These steps prompted Kim Jong Il to send his second in command, Vice Marshal Jo Myong Rok, to Washington on October 9, 2000. A joint communique issued on October 12 read, “neither government would have hostile intent toward the other.” In plain English, we are not enemies. This declared end to enmity opened the way to a missile deal and conventional force talks — once a missile deal is concluded and faithfully implemented. Within two weeks, Secretary of State Madeleine Albright went to Pyongyang and became the first U.S. official to meet with Kim Jong Il. In their talks, Kim offered to end exports of all missile technology, including under existing contracts, and to freeze testing, production, and deployment of all missiles with a range of 500 kilometers. That covered the No Dong, Taepo Dong I and II, and, arguably, the SCUD-C. In return, the United States offered to arrange for two or three satellite launches a year. The North said it would accept compensation in kind, not cash, for revenue forgone by halting its missile exports. Though it did not say so, Washington was prepared to arrange for $200-300 million a year in investment and aid.

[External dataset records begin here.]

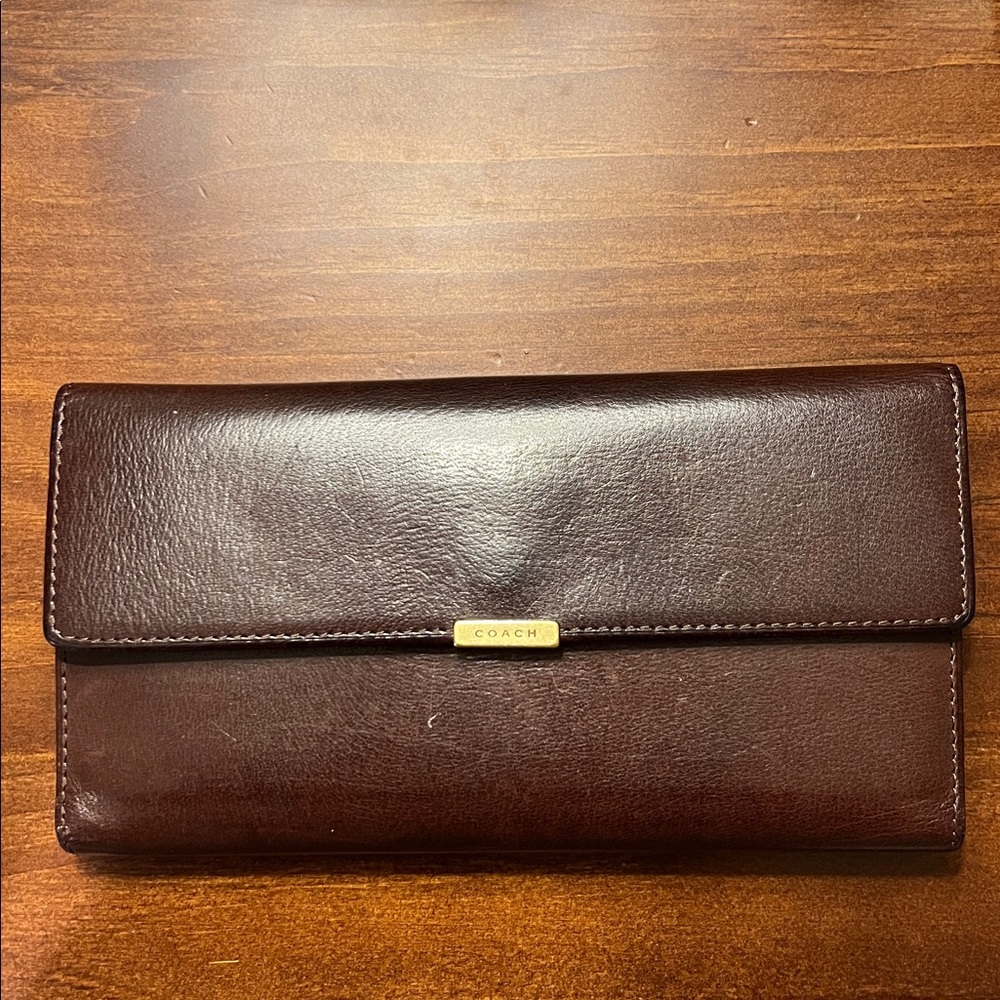 Large Coach Deep Brown Leather Wallet with Gold Hardware; checkbook insert.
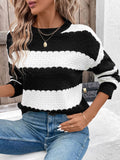 Striped Round Neck Long Sleeve Sweater - Siennasass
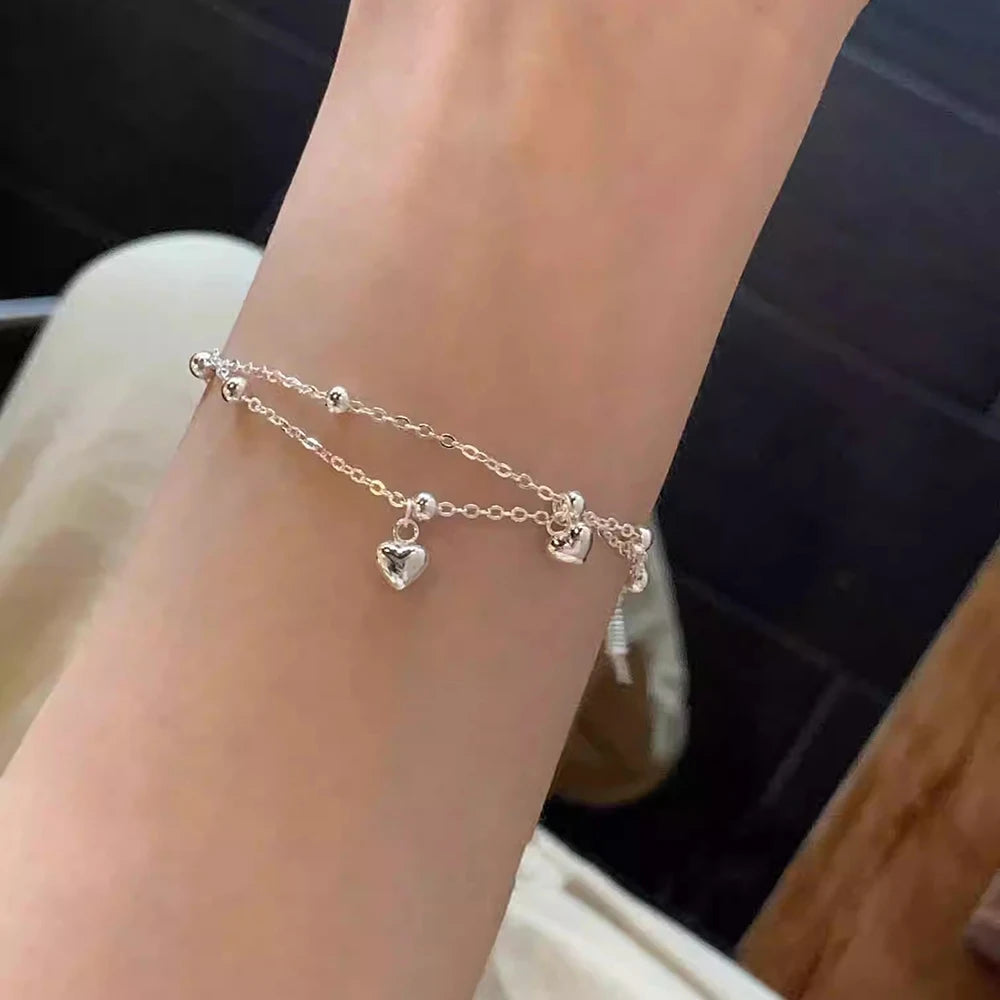 925 Sterling Silver Punk Geometric Bead Bracelet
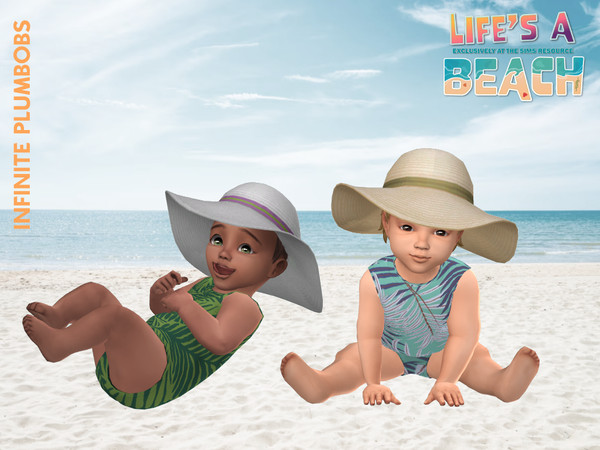Sims 4 — Lifes A Beach Infant Summer Hat by InfinitePlumbobs — Floppy Beach Hat for Infants - 6 Swatches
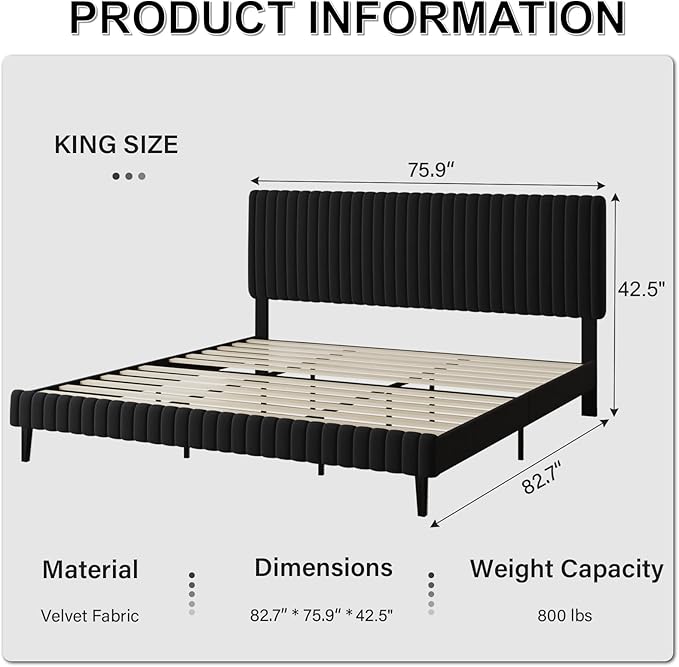 King Size Bed Frame, Velvet Upholstered Platform Bed with Vertical Channel Tufted Headboard and Footboard, No Box Spring Required, Easy Assembly, Black-Ruum Studio Home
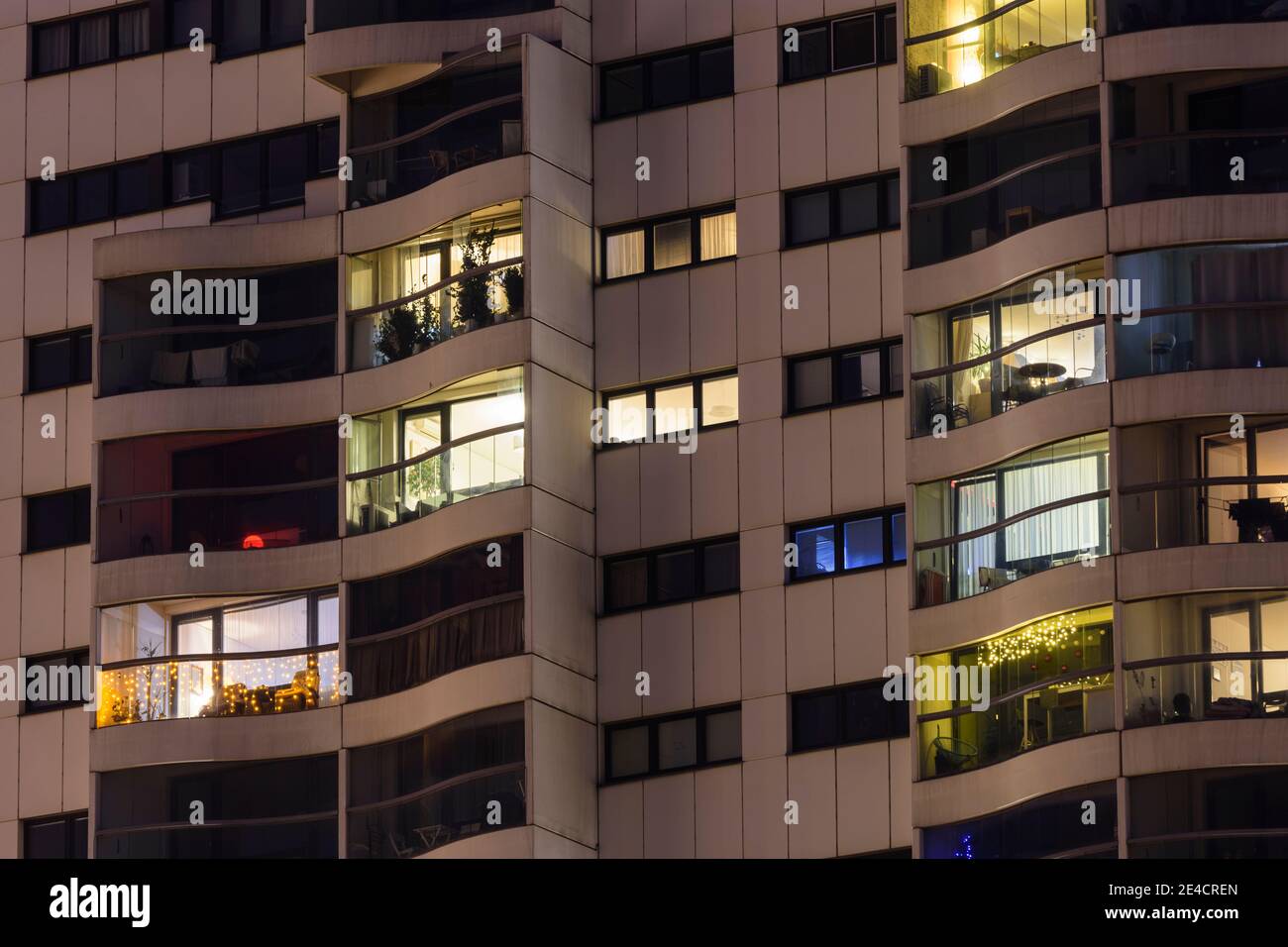 Vienna, apartment house, illuminated flats, windows, Christmas
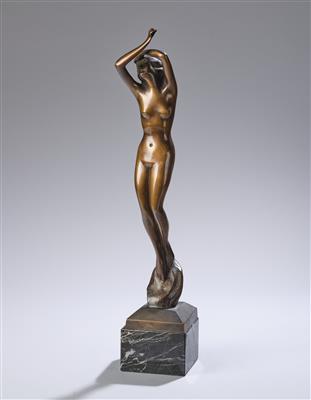 Weiblicher Bronzeakt mit erhobenen Armen, nach A. Rodin - Secese a umění 20. století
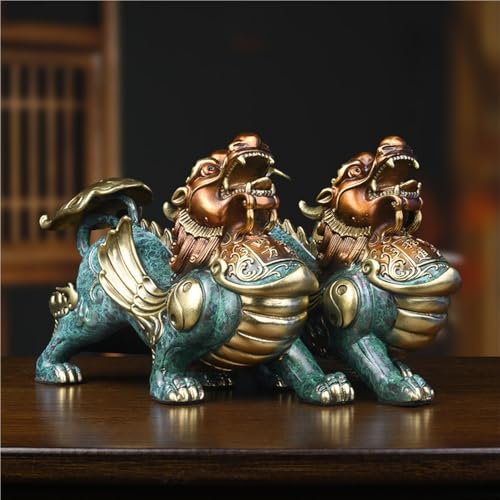 GUERNSEY Statuen-Ornament zum Anziehen von Reichtum Kupfer-Ornamente, EIN Paar männliche und weibliche Wohnzimmer-Büro-Desktop-Kunsthandwerks-handgefertigte Statuen Reichtumsdekor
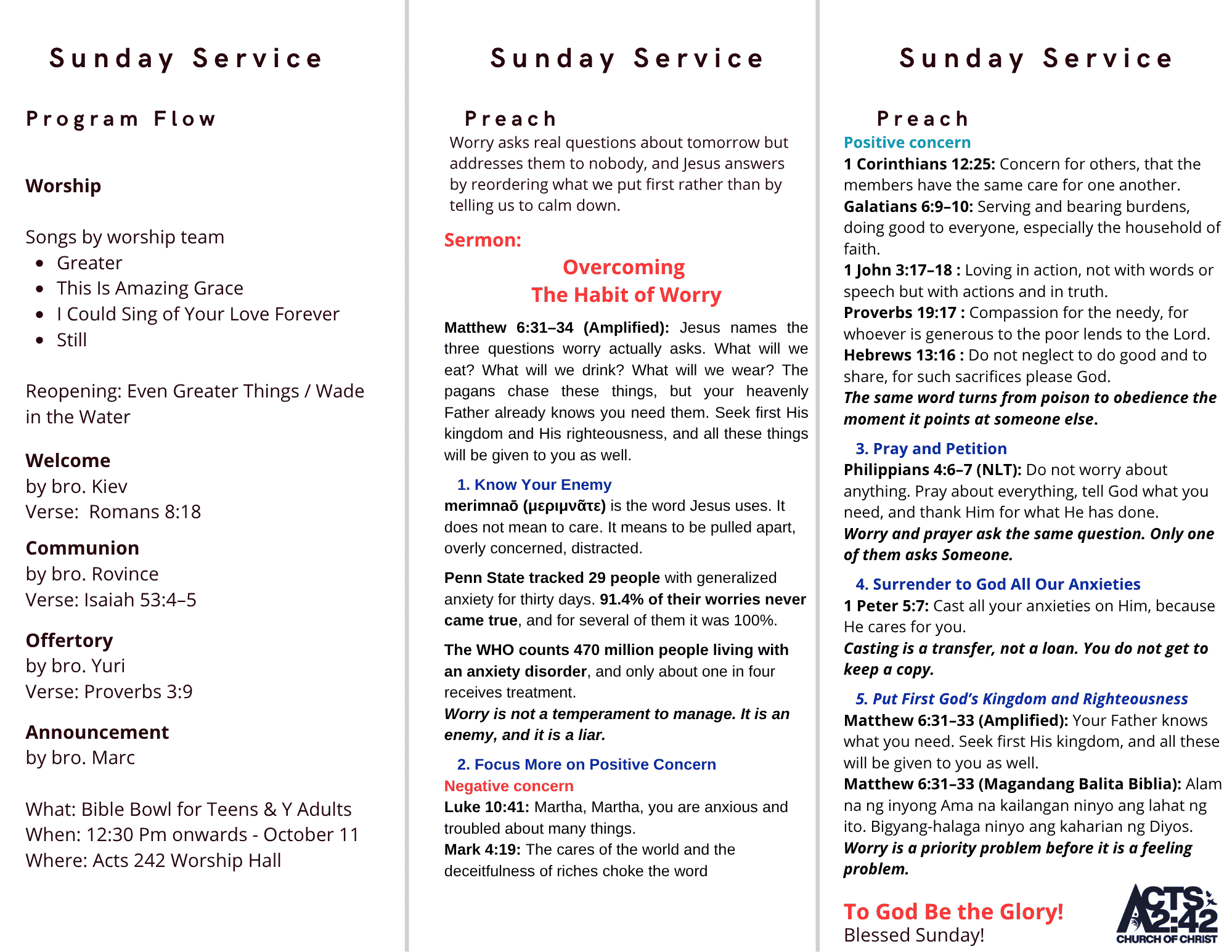 Overcoming The Habit of Worry — brochure inside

To turn the freeze into a verifiable ban, significant issues remained to be explored and resolved: “elimination” of North Korea’s missiles, on-site monitoring to verify the cessation of missile production and deployment — what negotiators called “transparency” and “confidence-building measures on missiles” — and extending the freeze to all missiles capable of a range over 300 kilometers, the Missile Technology Control Regime standard.
The October 12 joint communique had alluded to a way to verify the accord. “The sides agreed on the desirability of greater transparency in carrying out their respective obligations under the Agreed Framework,” it reads. “In this regard, they noted the value of the access which removed U.S. concerns about the underground site at Kumchang-ni.” North Korea had allowed U.S. inspectors to visit the site twice and even had proposed permanent monitoring at the site in the form of a joint venture. Such transparency is needed not only at other suspect nuclear sites in the North, but also for verification of a missile ban.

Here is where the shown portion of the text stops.